# Troublesome coefficient of variation question.

1. Nov 27, 2009

### th_05

Given the following data for three possibile investments, A, B and C, calculate the coefficient of variation and with the aid of a diagram explain which is the least risky investment.

Expected Profit: A - 100 B - 120 C - 140
Standard Devi.: A - 10 B - 30 C - 20

I presume to calculate the COV you divide the standard deviation by the mean, to give you:

A: 100/10 = 0.1 B: 30/120 = 0.25 C: 20/140 = 0.14

I am struggling with how/what sort of diagram to use and how to explain which is the least risky investment. Any ideas would be great.

2. Nov 28, 2009

Are you to assume that the underlying distributions are normal for each investment?
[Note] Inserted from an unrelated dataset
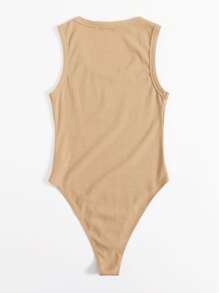 SHEIN EZwear Scoop Neck Solid Bodysuit - Apricot - View 2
If so, you have the mean and standard deviation for each investment; draw the bell curves.

For evaluating which is riskiest: the use of the coefficient of variation is pretty informal: begin by stating, in your own words, what the c.v. tells you (I don't mean in terms of what percentage of the mean the standard deviation is, I mean the interpretation). You may find yourself answering the question when you do that.

3. Nov 29, 2009

### th_05

Thanks very much. It is normal distribution yes, I have not used c.v. before so what exactly does this tell me? And shall I draw out a curve for each investment?